Она нахмурилась, уловив горечь в его словах.

– Разве у тебя нет никакого дела?

Сердце его заколотилось в груди от ее враждебного тона. Уж не презирает ли она его за то, что он посвятил ей жизнь! Но женщины так не рассуждают.

Она бежала сюда, как на свиданье. Она спасалась тут от капризов Ниночки, от «рацей» Агаты, от любви Штейнбаха. От своего рабства перед ребенком. От своей власти над Марком. Свобода… Свобода! Только с Изой Маня была самой собою. Как могла она думать когда-то, что в этой комнате нельзя ни учиться, ни грезить? Между нею и золотыми чертогами искусства падали все стены. И двери в волшебный мир творчества распахивались перед нею только здесь.

Но чем больше сближались эти две женщины и чем яснее в обыденной жизни определялись родственные черты этих двух натур, тем ярче и внезапнее выявлялась вся рознь их темпераментов и творчества. Дружба бледнела, отступала в тень. Выдвигалась борьба двух сильных индивидуальностей, борьба за свое миросозерцание, за свой взгляд на искусство, за свое собственное творчество. Самая великая и ценная борьба. И это больше всего привлекало Маню.

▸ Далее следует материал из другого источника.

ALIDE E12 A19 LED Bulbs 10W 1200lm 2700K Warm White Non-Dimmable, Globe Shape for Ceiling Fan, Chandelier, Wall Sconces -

Она быстро поняла всю односторонность и несложность творчества Изы. В этом была сила креолки. Но в этом же таилась ее слабость. Искусством жеста – самым трудным и сложным – она владела в совершенстве. Она была создана для пантомимы. Ее руки говорили так же страстно и выразительно, как и ее лицо. Все яркое и непосредственное, все сильные душевные движения, все аффекты: гнев, страх, отчаяние, ненависть, особенно ревность – Иза умела передавать неподражаемо. Она находила дивные жесты для любви, незабываемую мимику страсти. В ее творчестве было что-то стихийное, грозное или опьяняющее. Великой артисткой была она в мимодрамах, в этих испанских танцах Малагенья, или в балеро и фанданго, требовавших темперамента прежде всего. И Маня понимала, что ей никогда не достигнуть такого совершенства.

– Я перед нею восковая кукла, – говорила Маня Штейнбаху. – Все испанские «технические» танцы я с моим здоровым сердцем исполню теперь лучше ее. Но ни качучу ни малагенью я не протанцую, как она. Для этого нужно родиться испанкой.

Но все утонченное, одухотворенное, мистическое, так пленявшее Штейнбаха в творчестве Мани, было недоступно креолке. Она и Маня – это были два мира, два начала: Дионис и Аполлон.

Изучая какой-нибудь танец или пантомиму, Маня вносила в исполнение частицу собственной души, какие-то новые и сложные психологические тонкости. Образ, созданный Изой, исчезал. Намечался другой. И он требовал уже новых жестов, новой мимики.

И если творчество Изы бенгальским огнем ослепительного фейерверка зажигало все образы, все чувства, все события пантомимы, то творчество Мани было тем лунным блеском, который из повседневного создает сказочный мир.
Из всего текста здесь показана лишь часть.